Le cabinet n'a pas précisé les motifs de cette objection, mais Israël s’est notamment opposé à tout rôle de la Turquie dans l’après-guerre à Gaza. Les relations entre les deux pays se sont fortement dégradées avec la guerre déclenchée le 7 octobre 2023 par l'attaque sans précédent du Hamas contre Israël.

Le président américain a en outre convié son homologue turc, Recep Tayyip Erdogan, à rejoindre le Conseil de paix qui chapeaute les autres entités qui lui sont liées.
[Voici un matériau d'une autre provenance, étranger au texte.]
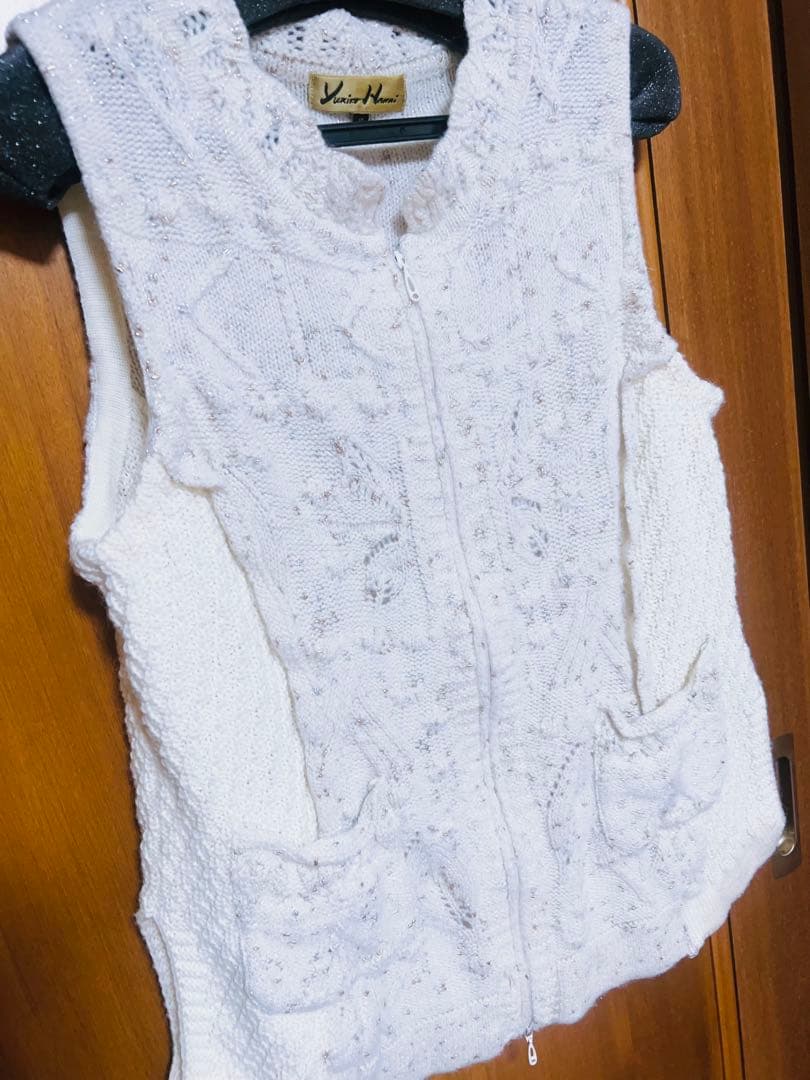ユキコハナイ　ベスト➕ニット　アンサンブル　新品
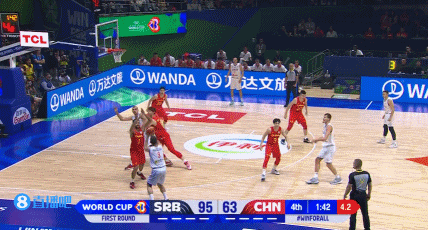 中国男篮以63-105输塞尔维亚，我们最不给力的球员是：
1，王哲林
2，胡明轩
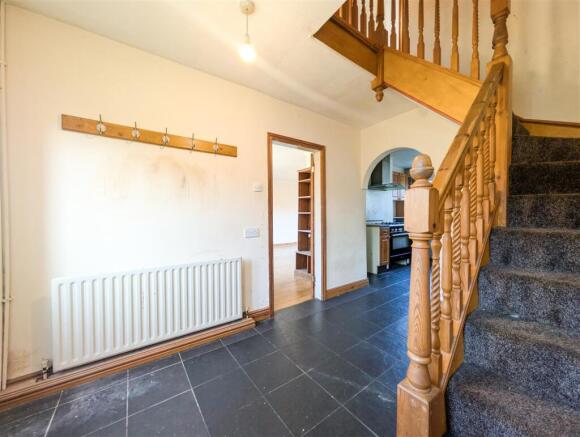 3 bed Terraced for sale Image 8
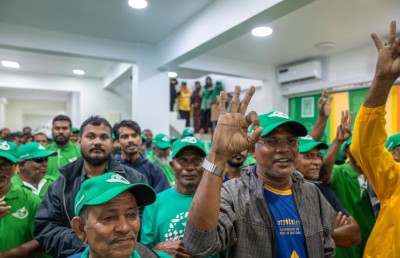 ފައްޔާޒު އެދިވަޑައިގަތީ ބާކީ ހަ ދުވަހުގެ މަސައްކަތުން އަދި ތިން ޕަސެންޓް އިތުރުކޮށްދޭން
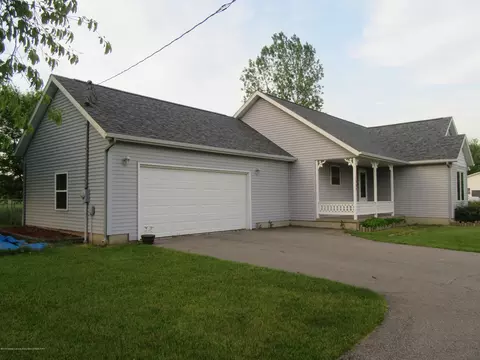 1547 E Tuttle Rd, Ionia, MI 48846 photo 3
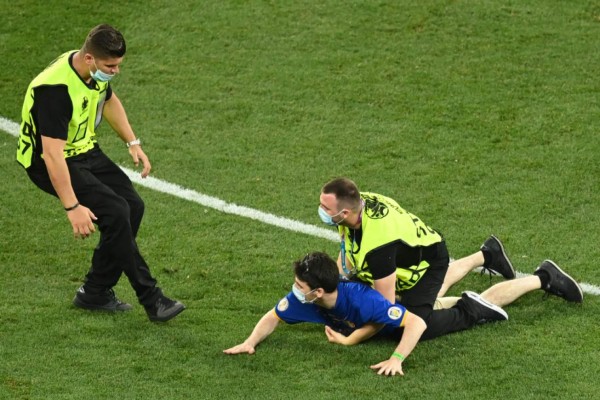 La tristeza de Mbappé, aficionado invade y crack de Suiza no hace caso a Cristiano Ronaldo con la Coca Cola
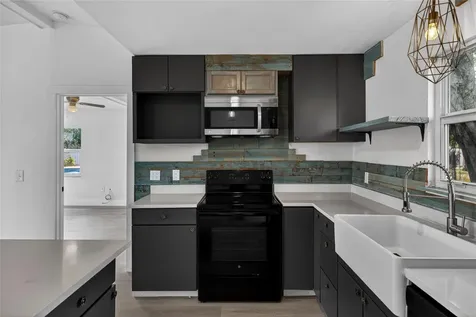 117 NE 8th Street Pompano Beach FL 33060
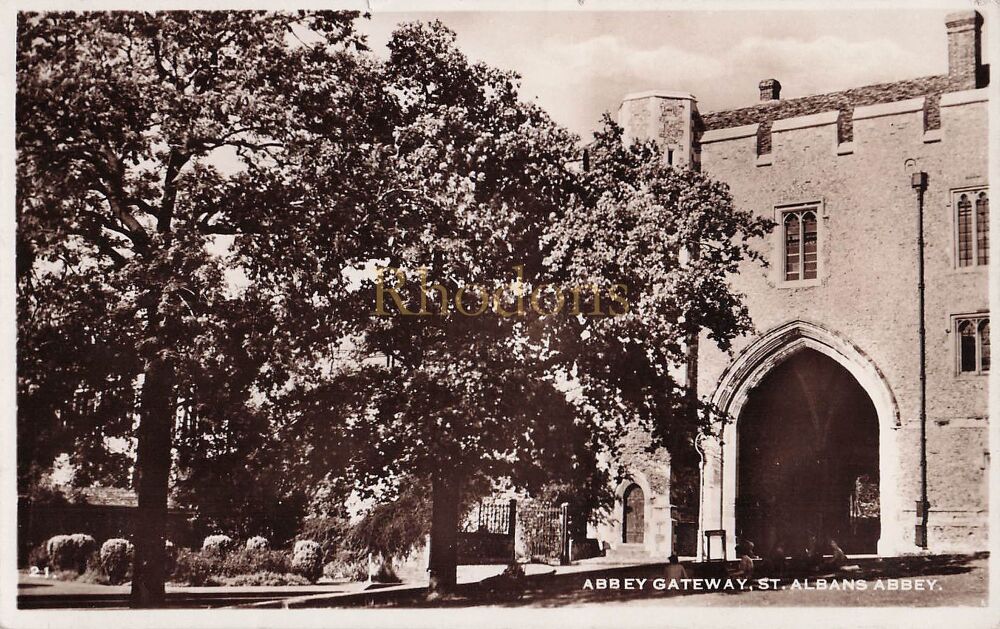 Abbey Gateway, St Albans Abbey, Hertfordshire - 1950s Real Photo Postcard | Miss EDWARDS, Hadleigh, Essex 1951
Selon des médias israéliens, les dirigeants de la coalition au pouvoir doivent examiner dimanche la composition du Comité exécutif.

"Une réunion de la coalition est prévue à 10H (08h00 GMT)",  a déclaré le porte-parole du Likoud, le parti de M. Netanyahu à l’AFP, refusant de donner plus de détails.

Outre le Conseil de paix et le Comité exécutif - dans un rôle consultatif - le plan Trump, endossé par les Nations unies, prévoit aussi qu'un comité palestinien de technocrates administre Gaza au quotidien.

Formée cette semaine, cette instance a tenu sa première réunion au Caire samedi.

Les États-Unis ont annoncé mercredi que l'accord de cessez-le feu à Gaza, dont la première phase est entrée en vigueur le 10 octobre, était passé à sa deuxième étape, qui prévoit le désarmement du Hamas, le retrait progressif des troupes israéliennes qui contrôlent environ la moitié du territoire palestinien, et le déploiement d'une force internationale de stabilisation.